Songwriting as storytelling—true storytelling—is not as common as it once was in folk and rock music. Singer-songwriters aim to tell stories, but the term “folk music” has come to be used to describe a sound rather than a tradition of passing on stories of the people through song. Audible Songs from Rockwood, the Polaris Prize longlisted album by Fiver (one of three identities The Highest Order’s Simone Schmidt uses on this project, depending on what work she is doing) is as refreshing a break from these constricting labels as any piece of folk music recorded in recent memory. In fact, calling the project an album doesn’t really do it justice. The songs were compiled using a technique Simone Carver (Schmidt’s fictional ethnomusicologist/researcher) dubs in the liner notes as “retroactive reconstruction”. This method of songwriting does not aim for cabin-in-the-woods style seclusion; it aims to immerse the listener in a historical time and place. Schmidt achieves this immersion through her brilliant use of a multi-tiered narrative, which finds her alias, Simon Carver, discovering archival documents that give voices to a silenced group of women imprisoned at the Rockwood Asylum for the Criminally Insane in Kingston, Ontario between 1856 and 1881.

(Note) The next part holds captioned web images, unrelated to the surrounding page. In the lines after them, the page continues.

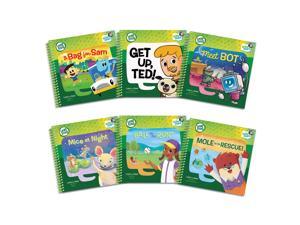 LeapFrog LeapStart 3D Learn to Read Volume 1, Green LeapFrog LeapStart 3D Learn to Read Volume 1, Green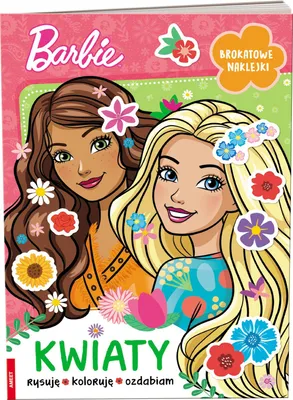 Image de Barbie Kwiaty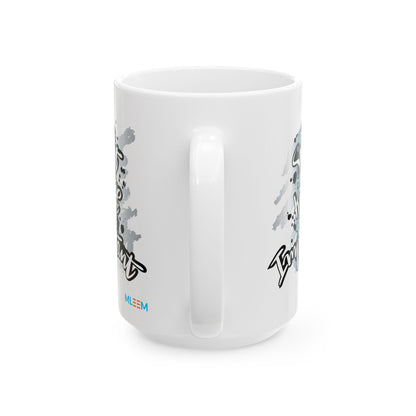 MLEEM - Inspirational Ceramic Mug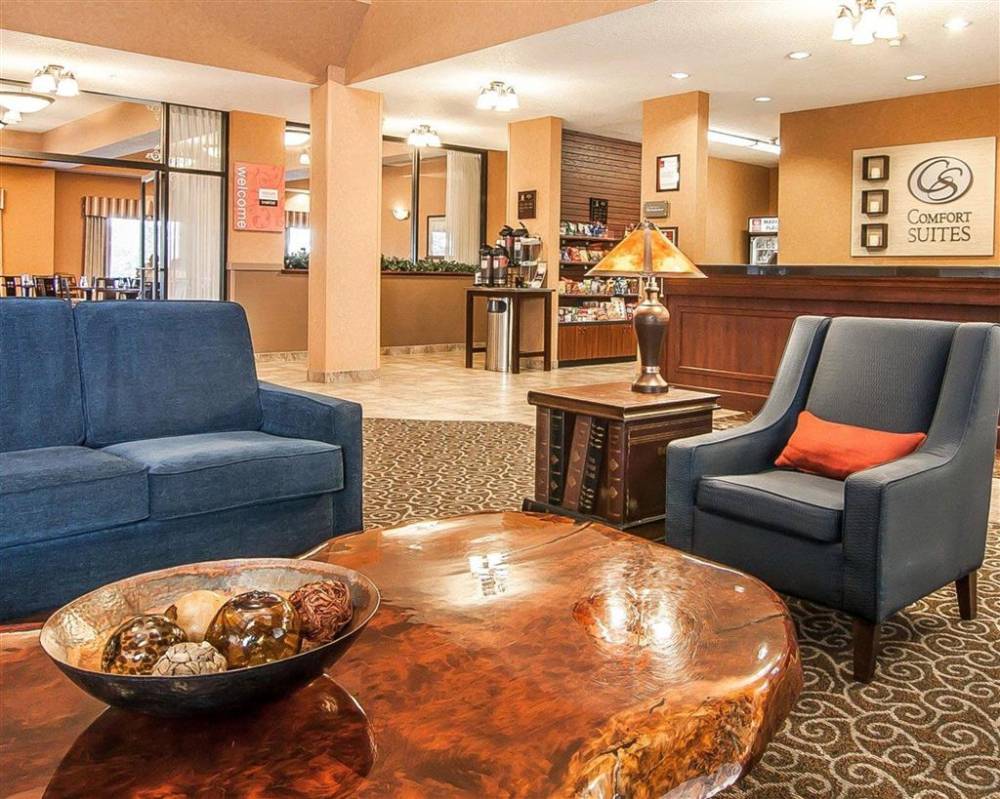 Comfort Suites Redmond Airport 7
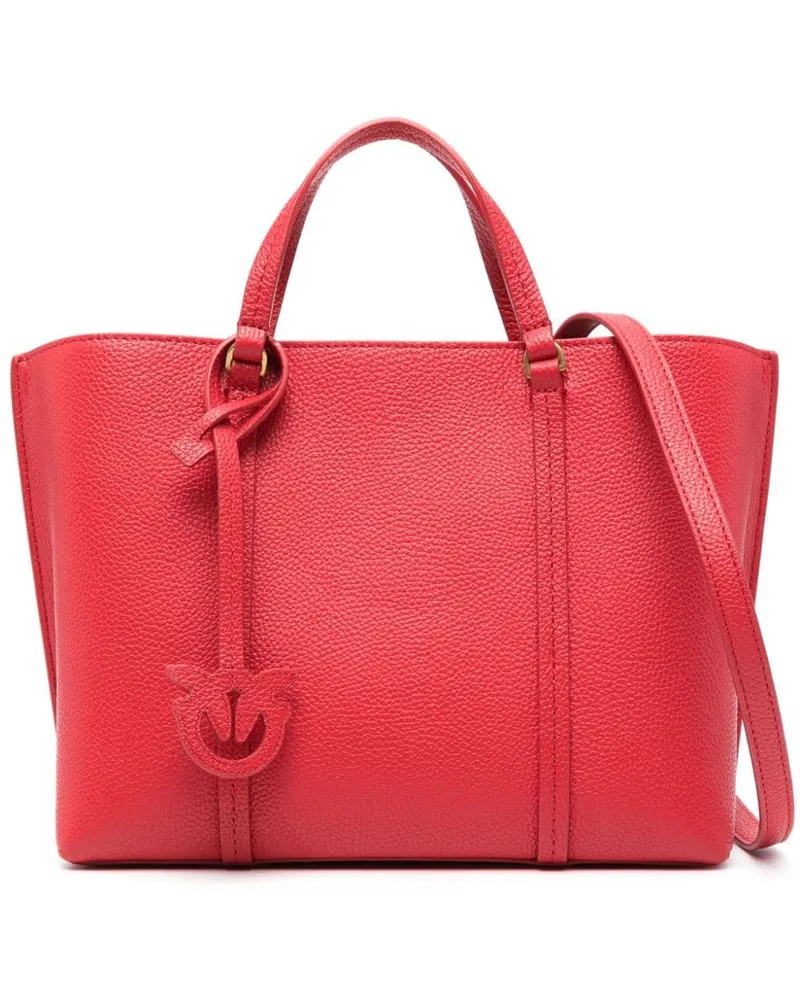 Pinko Klassische Handtasche - Rot Rot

Audible Songs From Rockwood is an album that needs to be both listened to and studied. From a musical perspective, these are beautifully arranged folk songs—which Carver notes are, musically speaking, historically inaccurate, given the time period in question—that rely on strummed and fingerpicked bluegrass banjos, fiddles, upright bass, and the occasional string flourish. Schmidt keeps the mood appropriate for the subject matter. Her voice is raw and dry, often sounding as vulnerable and powerful as Buffy Sainte-Marie’s voice on It’s My Way. “Yonder White Mare” features no instrumentation and the weight of Schmidt’s voice is palpable.
There are some incredible musical moments on Audible Songs…: the fiddle solo in the waltzing “Haldimand County” and the swirling fingerpicking buoyed by bellowing cello in “Hair of the Dead”;“Worship the Sun (Not the Golden Boy) features a haunting woodwind instrument (identified simply as “wind” in the liner notes) that serves as just that: a breeze off of Lake Ontario sending shivers down the spine of those who get to re-witness Toronto’s last public hanging.
The real triumph of Audible Songs… is the way Carver is able to tell the stories of the women at Rockwood through a new—or at least underused—historical lens. The grand historical narrative of the founding of Canada (and of most things) is predominantly focused on the contributions and stories of European men. Given the times, this isn’t a surprise. Conversely, Audible Songs… explores an anti-colonial and feminist view that is far more important and interesting from a contemporary standpoint. Carver unearths the trauma experienced by women forced to leave their homelands and relocate to Turtle Island; the impossible and demoralizing conditions women faced once they arrived here (especially given what they had been used to); the sexist accusations of hysteria and insanity; and the violence that defines the early years of colonization all with great detail, empathy, and care. Schmidt, via her Fiver moniker, then takes that research—complete with footnotes, maps, and primary sources—and weaves it all into powerful songs. Cultural critic and author Andrea Warner wrote that listening to this album feels like Schmidt is “rearranging” her bones. Schmidt’s ability to do that for both listener and subject is a powerful skill, and certainly unparalleled in modern songwriting.
Audible Songs from Rockwood is a rare album that gives me chills as I listen and is just as likely to give me chills when I think about its existence. It’s important for our understanding of history, for the women who were sent to Rockwood, and for its ability to inspire the listener to educate themselves on other persecuted peoples whose stories have been lost to the annals of history. Schmidt, as well as her aliases, have given credence to a cherry picked line from “Hair of the Dead”, which sums up the entire project for me: “All that’s lost in good time will be found again”. The spirits of the women of Rockwood live on in these songs, and they are more free than ever because of them.